ENTRIES SUPPLIED:
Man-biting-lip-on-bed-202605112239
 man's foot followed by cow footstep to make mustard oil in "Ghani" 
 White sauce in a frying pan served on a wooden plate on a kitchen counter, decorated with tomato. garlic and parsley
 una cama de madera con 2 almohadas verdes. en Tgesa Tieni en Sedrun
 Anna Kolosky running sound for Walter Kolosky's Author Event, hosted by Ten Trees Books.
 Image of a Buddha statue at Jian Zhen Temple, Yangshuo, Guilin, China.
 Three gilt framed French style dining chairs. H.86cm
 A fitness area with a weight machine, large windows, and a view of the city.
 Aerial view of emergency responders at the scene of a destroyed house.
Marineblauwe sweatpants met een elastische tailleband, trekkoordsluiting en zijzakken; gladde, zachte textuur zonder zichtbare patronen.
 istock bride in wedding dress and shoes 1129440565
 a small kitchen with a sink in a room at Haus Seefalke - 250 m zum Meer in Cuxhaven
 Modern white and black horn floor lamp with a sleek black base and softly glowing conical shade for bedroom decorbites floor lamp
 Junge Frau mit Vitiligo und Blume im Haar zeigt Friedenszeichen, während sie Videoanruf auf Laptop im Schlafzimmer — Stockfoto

WHAT YOU SHOULD DO:
Extract all lines of the records above that include "with".

SOLUTION TO THE PROBLEM:
 White sauce in a frying pan served on a wooden plate on a kitchen counter, decorated with tomato. garlic and parsley
 A fitness area with a weight machine, large windows, and a view of the city.
 a small kitchen with a sink in a room at Haus Seefalke - 250 m zum Meer in Cuxhaven
 Modern white and black horn floor lamp with a sleek black base and softly glowing conical shade for bedroom decorbites floor lamp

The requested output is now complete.